The Reserve Bank is widely expected to deliver the first back-to-back interest rate cut since 2012 this week and set a new record low cash rate of 1.0 per cent as it makes a further attempt to kickstart economic growth.
With Reserve Bank governor Philip Lowe having already hinted at further cuts, most lenders expect the RBA to back up last month’s 25 basis point move with another at its meeting on Tuesday.
Dr Lowe had indicated April’s increase in the unemployment rate to 5.2 per cent – which was sustained in May – and stubbornly low GDP growth showed few inroads are being made into spare capacity in the labour market.

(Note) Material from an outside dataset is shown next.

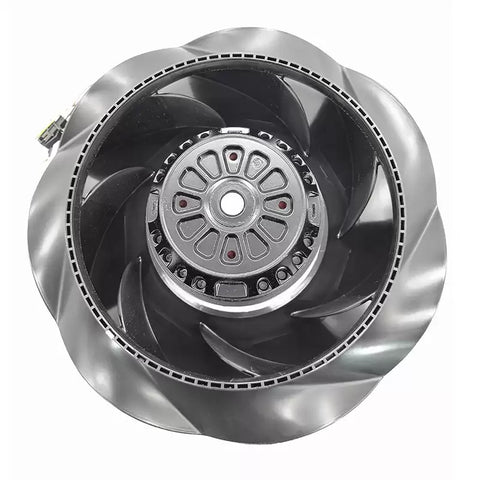 Ebmpaps Centrifugal Fan R2E250-RB06-30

He has said it is “unrealistic” to expect a lower cash rate to boost growth on its own and has repeated his call for the government to support the economy with fiscal stimulus such as infrastructure investment.
But with little sign that government is heeding this call, an increasing number of economists expect what would be just a second cut in three years.
NAB economists Alan Oster, Ivan Colhoun and Kieran Davies said they did not see a need for the RBA board to sit on its hands with a pressing need to deliver stimulus to a stagnating economy.
“There is not much separating July from August given the time it takes for policy to have an effect on the economy, but we do not see a need for the board to wait,” NAB said in a release last week.
“In brief, the RBA is behind the curve and needs to catch up quickly.”
NAB said there was a strong case for the RBA to do even more on policy, expecting another cut to 0.75 per cent in November.
The July rates decision will be announced by the RBA at 1430 AEST on Tuesday.